**** Provided records ****

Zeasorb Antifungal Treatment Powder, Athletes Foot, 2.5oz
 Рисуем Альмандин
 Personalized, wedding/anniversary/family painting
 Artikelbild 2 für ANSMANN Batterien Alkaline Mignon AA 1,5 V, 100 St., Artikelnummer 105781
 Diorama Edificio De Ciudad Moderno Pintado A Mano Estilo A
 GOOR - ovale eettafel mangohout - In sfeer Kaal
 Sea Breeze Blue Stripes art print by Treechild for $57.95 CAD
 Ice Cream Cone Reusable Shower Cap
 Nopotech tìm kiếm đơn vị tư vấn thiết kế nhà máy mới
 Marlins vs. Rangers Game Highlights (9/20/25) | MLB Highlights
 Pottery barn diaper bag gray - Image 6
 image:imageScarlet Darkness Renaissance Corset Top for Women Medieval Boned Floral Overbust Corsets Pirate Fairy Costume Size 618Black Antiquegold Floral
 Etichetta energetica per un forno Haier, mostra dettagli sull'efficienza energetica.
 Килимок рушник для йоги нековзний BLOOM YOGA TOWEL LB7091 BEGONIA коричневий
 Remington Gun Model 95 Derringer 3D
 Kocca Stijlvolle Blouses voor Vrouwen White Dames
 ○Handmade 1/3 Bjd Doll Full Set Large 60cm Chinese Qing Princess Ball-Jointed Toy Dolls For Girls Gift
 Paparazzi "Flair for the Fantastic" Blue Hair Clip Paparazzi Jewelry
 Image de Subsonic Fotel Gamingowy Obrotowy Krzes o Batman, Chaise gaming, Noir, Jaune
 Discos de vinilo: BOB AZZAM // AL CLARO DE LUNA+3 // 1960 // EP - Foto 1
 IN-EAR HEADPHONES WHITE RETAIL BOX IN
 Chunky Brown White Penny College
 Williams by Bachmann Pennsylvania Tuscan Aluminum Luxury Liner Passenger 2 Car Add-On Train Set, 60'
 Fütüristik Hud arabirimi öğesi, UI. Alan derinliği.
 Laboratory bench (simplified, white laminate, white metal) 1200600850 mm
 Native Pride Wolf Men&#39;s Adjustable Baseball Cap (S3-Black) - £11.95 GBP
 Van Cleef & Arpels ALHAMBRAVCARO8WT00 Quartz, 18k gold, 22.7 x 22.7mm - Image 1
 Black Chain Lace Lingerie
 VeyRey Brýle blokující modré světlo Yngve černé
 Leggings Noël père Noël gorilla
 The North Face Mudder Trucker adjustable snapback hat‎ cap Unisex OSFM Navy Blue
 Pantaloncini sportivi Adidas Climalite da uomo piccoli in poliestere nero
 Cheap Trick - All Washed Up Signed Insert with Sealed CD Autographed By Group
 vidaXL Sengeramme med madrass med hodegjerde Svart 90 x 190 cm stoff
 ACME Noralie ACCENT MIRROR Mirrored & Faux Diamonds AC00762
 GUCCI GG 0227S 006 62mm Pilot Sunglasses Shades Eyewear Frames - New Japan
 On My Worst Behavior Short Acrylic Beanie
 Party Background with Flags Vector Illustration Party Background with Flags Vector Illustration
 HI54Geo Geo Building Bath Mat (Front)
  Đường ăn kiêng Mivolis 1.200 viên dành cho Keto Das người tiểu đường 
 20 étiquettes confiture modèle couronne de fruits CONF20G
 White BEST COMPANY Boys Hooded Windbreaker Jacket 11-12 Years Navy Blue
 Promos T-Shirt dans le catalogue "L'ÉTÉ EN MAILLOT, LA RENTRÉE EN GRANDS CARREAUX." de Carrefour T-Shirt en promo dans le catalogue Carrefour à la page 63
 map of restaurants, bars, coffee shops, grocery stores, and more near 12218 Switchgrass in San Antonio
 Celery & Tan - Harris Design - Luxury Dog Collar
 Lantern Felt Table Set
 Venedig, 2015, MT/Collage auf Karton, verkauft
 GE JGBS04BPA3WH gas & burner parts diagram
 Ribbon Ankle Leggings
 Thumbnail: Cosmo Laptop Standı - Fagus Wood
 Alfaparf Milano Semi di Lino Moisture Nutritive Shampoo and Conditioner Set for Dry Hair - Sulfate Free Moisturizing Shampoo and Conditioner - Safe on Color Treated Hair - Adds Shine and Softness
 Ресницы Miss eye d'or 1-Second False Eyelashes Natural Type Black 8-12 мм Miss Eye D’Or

****

> _Work to complete_
Set down every entry once more, exactly as it was written above.

> _Answer to the problem_
Zeasorb Antifungal Treatment Powder, Athletes Foot, 2.5oz
 Рисуем Альмандин
 Personalized, wedding/anniversary/family painting
 Artikelbild 2 für ANSMANN Batterien Alkaline Mignon AA 1,5 V, 100 St., Artikelnummer 105781
 Diorama Edificio De Ciudad Moderno Pintado A Mano Estilo A
 GOOR - ovale eettafel mangohout - In sfeer Kaal
 Sea Breeze Blue Stripes art print by Treechild for $57.95 CAD
 Ice Cream Cone Reusable Shower Cap
 Nopotech tìm kiếm đơn vị tư vấn thiết kế nhà máy mới
 Marlins vs. Rangers Game Highlights (9/20/25) | MLB Highlights
 Pottery barn diaper bag gray - Image 6
 image:imageScarlet Darkness Renaissance Corset Top for Women Medieval Boned Floral Overbust Corsets Pirate Fairy Costume Size 618Black Antiquegold Floral
 Etichetta energetica per un forno Haier, mostra dettagli sull'efficienza energetica.
 Килимок рушник для йоги нековзний BLOOM YOGA TOWEL LB7091 BEGONIA коричневий
 Remington Gun Model 95 Derringer 3D
 Kocca Stijlvolle Blouses voor Vrouwen White Dames
 ○Handmade 1/3 Bjd Doll Full Set Large 60cm Chinese Qing Princess Ball-Jointed Toy Dolls For Girls Gift
 Paparazzi "Flair for the Fantastic" Blue Hair Clip Paparazzi Jewelry
 Image de Subsonic Fotel Gamingowy Obrotowy Krzes o Batman, Chaise gaming, Noir, Jaune
 Discos de vinilo: BOB AZZAM // AL CLARO DE LUNA+3 // 1960 // EP - Foto 1
 IN-EAR HEADPHONES WHITE RETAIL BOX IN
 Chunky Brown White Penny College
 Williams by Bachmann Pennsylvania Tuscan Aluminum Luxury Liner Passenger 2 Car Add-On Train Set, 60'
 Fütüristik Hud arabirimi öğesi, UI. Alan derinliği.
 Laboratory bench (simplified, white laminate, white metal) 1200600850 mm
 Native Pride Wolf Men&#39;s Adjustable Baseball Cap (S3-Black) - £11.95 GBP
 Van Cleef & Arpels ALHAMBRAVCARO8WT00 Quartz, 18k gold, 22.7 x 22.7mm - Image 1
 Black Chain Lace Lingerie
 VeyRey Brýle blokující modré světlo Yngve černé
 Leggings Noël père Noël gorilla
 The North Face Mudder Trucker adjustable snapback hat‎ cap Unisex OSFM Navy Blue
 Pantaloncini sportivi Adidas Climalite da uomo piccoli in poliestere nero
 Cheap Trick - All Washed Up Signed Insert with Sealed CD Autographed By Group
 vidaXL Sengeramme med madrass med hodegjerde Svart 90 x 190 cm stoff
 ACME Noralie ACCENT MIRROR Mirrored & Faux Diamonds AC00762
 GUCCI GG 0227S 006 62mm Pilot Sunglasses Shades Eyewear Frames - New Japan
 On My Worst Behavior Short Acrylic Beanie
 Party Background with Flags Vector Illustration Party Background with Flags Vector Illustration
 HI54Geo Geo Building Bath Mat (Front)
  Đường ăn kiêng Mivolis 1.200 viên dành cho Keto Das người tiểu đường 
 20 étiquettes confiture modèle couronne de fruits CONF20G
 White BEST COMPANY Boys Hooded Windbreaker Jacket 11-12 Years Navy Blue
 Promos T-Shirt dans le catalogue "L'ÉTÉ EN MAILLOT, LA RENTRÉE EN GRANDS CARREAUX." de Carrefour T-Shirt en promo dans le catalogue Carrefour à la page 63
 map of restaurants, bars, coffee shops, grocery stores, and more near 12218 Switchgrass in San Antonio
 Celery & Tan - Harris Design - Luxury Dog Collar
 Lantern Felt Table Set
 Venedig, 2015, MT/Collage auf Karton, verkauft
 GE JGBS04BPA3WH gas & burner parts diagram
 Ribbon Ankle Leggings
 Thumbnail: Cosmo Laptop Standı - Fagus Wood
 Alfaparf Milano Semi di Lino Moisture Nutritive Shampoo and Conditioner Set for Dry Hair - Sulfate Free Moisturizing Shampoo and Conditioner - Safe on Color Treated Hair - Adds Shine and Softness
 Ресницы Miss eye d'or 1-Second False Eyelashes Natural Type Black 8-12 мм Miss Eye D’Or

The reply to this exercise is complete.